Villy’s two-thirds-size Flying Vee guitar is alive. Basically the instrument is a female alien. She stretches her neck so she can nuzzle Zoe’s black guitar, who is male. The instruments chime softly to each other. Villy thinks of them as a pair of race horses that he and Zoe are about to ride.
“Or magic broomsticks,” says Zoe inside Villy’s head. The guitars seem to be giving them telepathy.
Scud uses his powers to levitate the purple whale high into the air. Pinchley guns the engine—and nothing whatsoever happens. Oh, right, the gigundo tires are spinning in empty air.
“You’ll do that stratocast thing now?” says Scud. “Is that the word?”
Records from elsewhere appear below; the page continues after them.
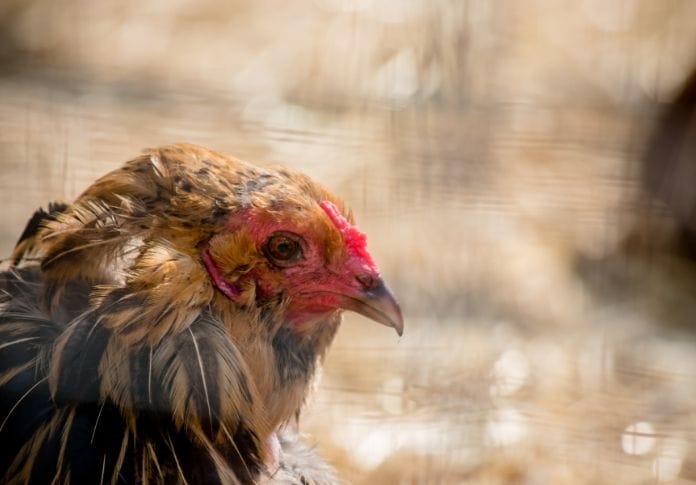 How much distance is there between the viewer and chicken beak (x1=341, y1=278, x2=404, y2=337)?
5.69ft

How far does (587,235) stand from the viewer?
3.62 metres

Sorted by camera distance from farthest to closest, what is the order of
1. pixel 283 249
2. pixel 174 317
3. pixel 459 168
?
pixel 459 168
pixel 283 249
pixel 174 317

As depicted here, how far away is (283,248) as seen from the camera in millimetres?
1682

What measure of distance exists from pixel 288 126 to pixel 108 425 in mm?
1715

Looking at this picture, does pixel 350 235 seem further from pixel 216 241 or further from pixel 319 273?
pixel 216 241

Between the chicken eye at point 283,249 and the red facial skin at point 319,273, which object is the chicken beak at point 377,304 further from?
the chicken eye at point 283,249

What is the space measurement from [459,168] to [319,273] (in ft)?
4.74

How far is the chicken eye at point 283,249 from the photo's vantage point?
167 cm

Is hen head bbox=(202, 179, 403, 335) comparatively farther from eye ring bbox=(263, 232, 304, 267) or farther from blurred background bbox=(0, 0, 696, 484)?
blurred background bbox=(0, 0, 696, 484)

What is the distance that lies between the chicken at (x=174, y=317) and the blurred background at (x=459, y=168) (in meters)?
0.89

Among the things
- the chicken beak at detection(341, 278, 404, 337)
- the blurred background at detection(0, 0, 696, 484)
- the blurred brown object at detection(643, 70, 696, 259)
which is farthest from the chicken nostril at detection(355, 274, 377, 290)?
the blurred brown object at detection(643, 70, 696, 259)

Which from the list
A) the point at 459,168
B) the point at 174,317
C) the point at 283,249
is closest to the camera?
the point at 174,317

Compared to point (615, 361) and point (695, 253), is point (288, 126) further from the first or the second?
point (695, 253)

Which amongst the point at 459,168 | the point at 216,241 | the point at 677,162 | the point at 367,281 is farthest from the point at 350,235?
the point at 677,162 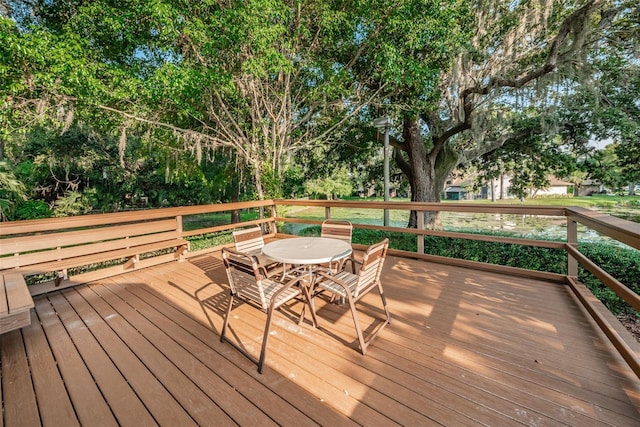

Zoe stares into Villy’s eyes. She looks zonky and vamp. Like a goth rocker. They poise fingers on their frets. Each of them holds a triangle of seashell for a pick. Zoe nods her head once and: Zam deedle squee.
In her head, Zoe’s leading the way, sailing the sonic sea, and Villy’s close behind. The two of them do a virtual dance in music-space, orbiting each other like strands of DNA, growing a heaven-tree of sound. Sweet. Villy didn’t know Zoe could play guitar like this. But, um, the car’s still not moving. It’s just floating there.
Zoe breaks off, embarrassed, and begins tuning her guitar, or trying to, except that it doesn’t actually have tuning pegs. The car hangs in the air like a ripe fruit, very slowly drifting forward.
So now Villy and Zoe eat some of their curiously energizing caraway seeds, pretty much a whole teaspoon of them apiece, crunching the seeds with their back molars. Villy definitely feels a lift. He sees colored shapes from the corners of his eyes. Like virtual pastel caraways. When he turns his head, the quick bright crescents scoot out of sight. They’re hella shy.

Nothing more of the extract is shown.